In 2006, Arnault started the building project of the Louis Vuitton Foundation. Dedicated to creation and contemporary art, the building was designed by the architect Frank Gehry. The Foundation's grand opening at the Jardin d'Acclimatation Paris was held on 20 October 2014.
- Commandeur of the Légion d'Honneur (10 February 2007)
- Grand Officer of the Légion d'Honneur (14 July 2011)
- The Woodrow Wilson Award for Global Corporate Citizenship (2011)
- Honorary Knight Commander of the Most Excellent Order of the British Empire (2012)
- The Museum of Modern Art's David Rockefeller Award (March 2014)
His children Delphine, Antoine, Alexandre and Frédéric all have official roles in brands controlled by Arnault along with his niece Stephanie Watine Arnault.
Arnault owned the 70 m (230 ft) converted research vessel Amadeus, which was sold in late 2015. His current 101.5 m (333 ft) yacht Symphony was built in the Netherlands by Feadship.
Request for Belgian nationality
In 2013, it was disclosed that Arnault planned to apply for Belgian citizenship and was considering moving to Belgium.

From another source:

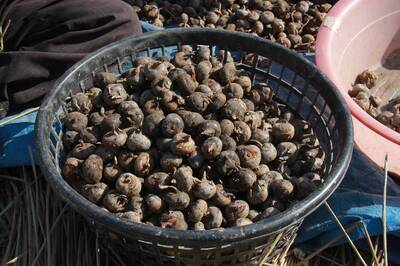 健康網》荸薺抗菌力超強！ 專家推保腸道健康冰品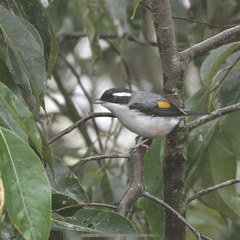 Pteruthius aeralatus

In April 2013, Arnault said that he had been misquoted and that he never intended to leave France: "I repeatedly said that I would stay as a resident in France and that I would continue to pay my taxes.... Today, I decided to remove any ambiguity. I withdraw my request of Belgian nationality. Requesting Belgian nationality was to better protect the foundation that I created with the sole purpose of ensuring the continuity and integrity of the LVMH group if I were to disappear." On 10 April 2013, Arnault announced that he had decided to abandon his application for Belgian citizenship, saying he did not want the move to be misinterpreted as a measure of tax evasion at a time when France faced economic and social challenges. Arnault also stated that several employees requested to leave France for tax purposes, that he declined their requests, and that "the 75% tax would not raise a lot of revenue but should prove less divisive now that it was set to be levied on firms rather than people and only due to stay in place for two years."